Le BRISTOL met en demeure CATAWIKI d’annuler la vente de ces 10 bouteilles et de les récupérer. CATAWIKI dit que sa responsabilité ne peut être engagée. Le BRISTOL l’assigne devant le tribunal de commerce de Paris.

Sur le droit applicable : l’action porte sur une responsabilité délictuelle, aucune obligation contractuelle n’est en jeu. La loi applicable est celle du pays où le dommage survient, la France en l’espèce, lieu d’activité du BRISTOL : la loi française s’applique.
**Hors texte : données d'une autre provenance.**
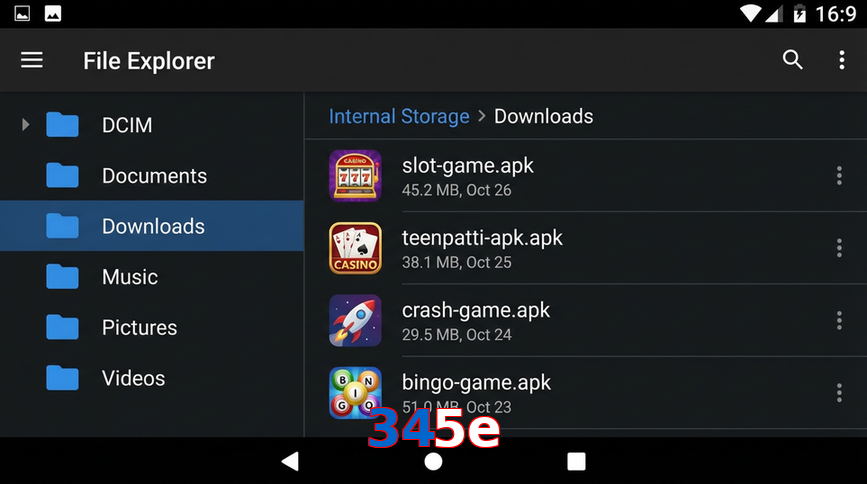Main screen of 345E gameapk page for PK players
Sur la recevabilité, CATAWIKI SERVICES FR dit le BRISTOL irrecevable car elle n’est pas exploitante du site internet, seule CATAWIKI BV ayant cette qualité ; en outre, le BRISTOL a perdu tout intérêt à agir : le tribunal correctionnel de Paris ayant condamné les voleurs à payer la somme totale, la victime ne peut être indemnisée deux fois.
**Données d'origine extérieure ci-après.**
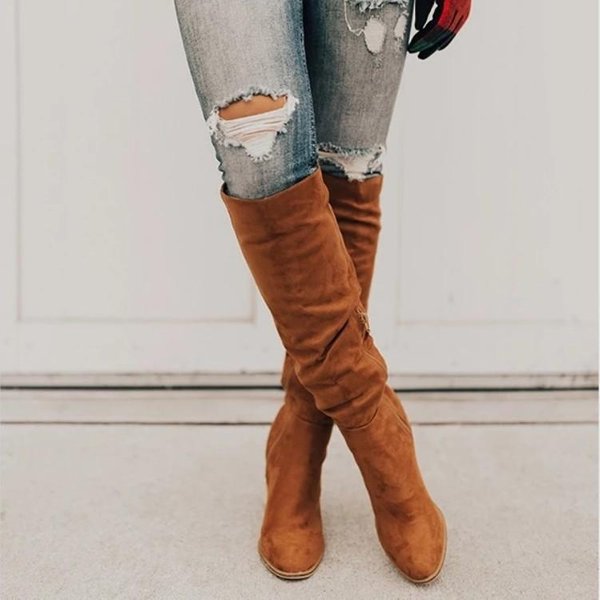 Wysokie Buty Damskie Moda Boczny Zamek BłYskawiczny Buty JeźDzieckie Damskie Buty Na Wysokim Obcasie Rozmiar 43 Damskie Buty Za Kolano Botas De Mujer 36-image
  • Le tribunal constate que le site internet, plateforme d’enchères en ligne, est effectivement exploité par CATAWIKI BV, que les demandes du BRISTOL dans son dispositif ne visent que la « société CATAWIKI », sans mention de raison sociale, sans aucune demande à l’encontre de CATAWIKI SERVICES FR, ni demande de condamnation solidaire des deux sociétés.

En conséquence, le tribunal dit irrecevable l’action du BRISTOL contre CATAWIKI SERVICES FR.
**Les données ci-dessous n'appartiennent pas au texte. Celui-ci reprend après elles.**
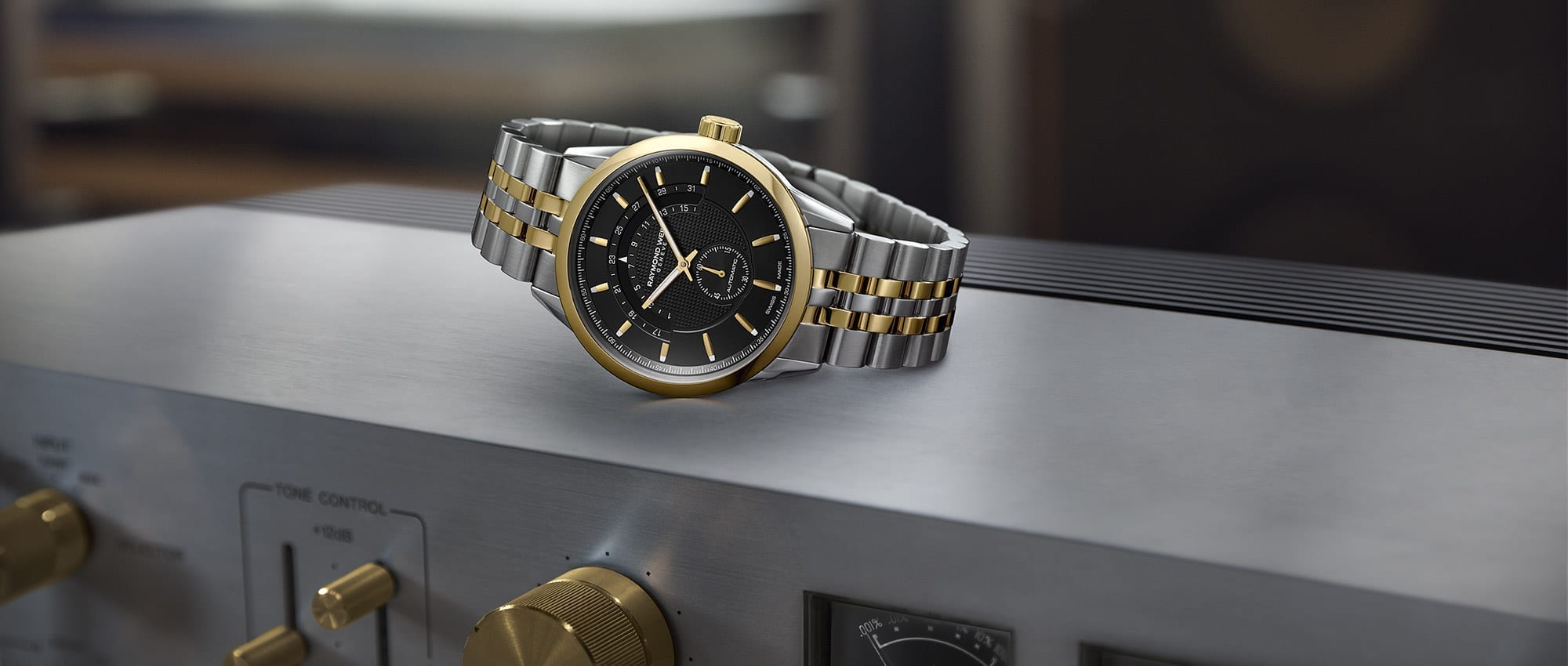 RAYMOND WEIL Men's Luxury Swiss Watch featuring the Freelancer Men's Half-moon Two-Tone Automatic Watch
  • Le tribunal retient qu’au pénal les voleurs ont été condamnés en novembre 2024 à indemniser le BRISTOL, mais que les recherches ont été vaines et le dossier qualifié d’irrécouvrable par le commissaire de justice, que le risque de double indemnisation n’est donc pas démontré, qu’en outre il est fait état de préjudices commercial et d’image ; le BRISTOL démontre ainsi son intérêt à agir : son action est recevable.

Au fond

  • LE BRISTOL demande l’annulation des ventes, entre août et novembre 2023, de 10 bouteilles, mais il en liste 11, et il a racheté certaines bouteilles une fois les acheteurs retrouvés ; d’autres bouteilles ont disparu ; le BRISTOL ne développant aucun argument pour justifier ses prétentions, le tribunal déboute le BRISTOL.
  • Le BRISTOL demande, pour son indemnisation, l’application des règles afférentes aux enchères publiques, en l’espèce l’article L. 321-5 C. com., mais le tribunal relève que CATAWIKI BV n’agit pas en tant que mandataire du propriétaire du bien et n’est donc pas un opérateur de ventes volontaires au sens de l’article L. 321-1 et ss C. com. Le tribunal applique, en revanche, l‘article 1240 du code civil et, singulièrement, la responsabilité délictuelle vis-à-vis d’un tiers au contrat pour manquement contractuel. En effet, les contrats conclus entre CATAWIKI et ses clients montrent que CATAWIKI BV n’est pas un simple intermédiaire, mais joue un rôle actif à toutes les étapes de la vente, « s’engage ainsi à vérifier la provenance des objets mis en ligne afin de garantir leur légitimité et d’éviter la mise en vente d’objets volés », offrant aussi une assistance après la vente. Ces obligations n’ont manifestement pas été respectées en l’espèce.
  • Le tribunal rappelle en outre que les démarches du BRISTOL pour se faire payer les sommes dues par les voleurs au titre du jugement du tribunal correctionnel de Paris de novembre 2024 n’ont pas abouti et ceux-ci sont insolvables : le risque de double indemnisation est écarté.

En conséquence, le tribunal condamne CATAWIKI BV à verser au BRISTOL plus de 47 000 € de dommages-intérêts pour le préjudice financier subi. Mais il déboute le BRISTOL de ses demandes de réparation des préjudices commercial et d’image, faute de preuve suffisante.